Your Guide to KC: Star sports columnist Vahe Gregorian is changing uniforms this spring and summer, acting as a tour guide of sorts to some well-known and hidden gems of Kansas City. Send your ideas to vgregorian@kcstar.com.

From 1975 through 1983, Tom Watson was the best golfer in the world. To this day, only five men have won more than the eight major championships he seized in that span.

Much as he savored that time, though, what he cherishes most in his rich golf history wasn’t winning in Augusta twice. Or that 1982 U.S. Open thriller at Pebble Beach, his favorite golf course. Or those five Open Championships in the United Kingdom.

It wasn’t his first pro victory in the Western Open 50 years ago last week.

It was no such celebrated moment in some exalted setting or exotic land but the root of it all right here: his June 1964 victory in the Kansas City Golf Association Match Play tournament at the old Metro Golf Club, near 61st Street and The Paseo.

That’s where the 14-year-old best known through adolescence as Tommy Watson defeated Bob Devine, described by The Star’s Dick Mackey as twice as old and almost twice the size of the “Little Man.”

Sixty years later, Watson sees the day as a portal from vague ambition to a stunningly tangible vision.

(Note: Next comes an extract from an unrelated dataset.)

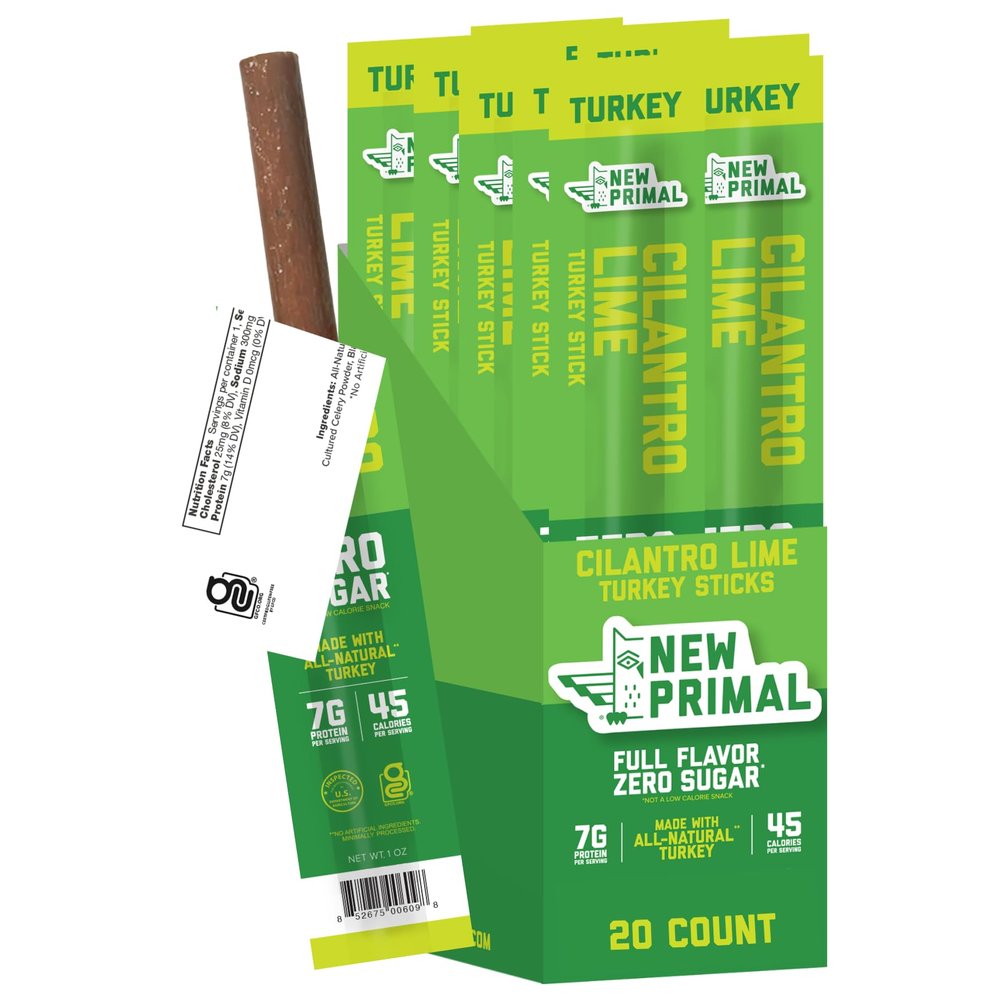 New Primal Cilantro Lime Turkey Sticks, Keto, Gluten Free Healthy Snacks for Adults, Sugar Free Low Carb High Protein, Paleo Whole30 Jerky Meat Stick, 7g Protein, 45 Calories, 1oz (Pack of 20)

Honorary starters Gary Player, Tom Watson and Jack Nicklaus shake hands after teeing off during the first round of The Masters golf tournament last year at the Augusta National Golf Club.
Honorary starters Gary Player, Tom Watson and Jack Nicklaus shake hands after teeing off during the first round of The Masters golf tournament last year at the Augusta National Golf Club.

It’s a pivotal story he shared in detail during a marathon interview with The Star’s Blair Kerkhoff and me to reflect on his roots in the hometown where he still lives and enhances in many ways.

A few months after that 1964 triumph, Watson was in the family den with his mother, Sallie, when the phone rang.

“‘Hello … That’s nice. …,’” he remembered her saying. “‘When is it? … Oh, I’ll have to ask him.’”

Turning his way, she said, “‘Tommy, would you like to play with Arnold Palmer?’”

Would he ever. And so he did, pairing with the golf icon at Overland Park’s Brookridge Country Club in a fundraiser for cystic fibrosis.

But to Watson, the exhibition wasn’t merely about the chance to meet and play with Palmer; it was about competing with him as a peer.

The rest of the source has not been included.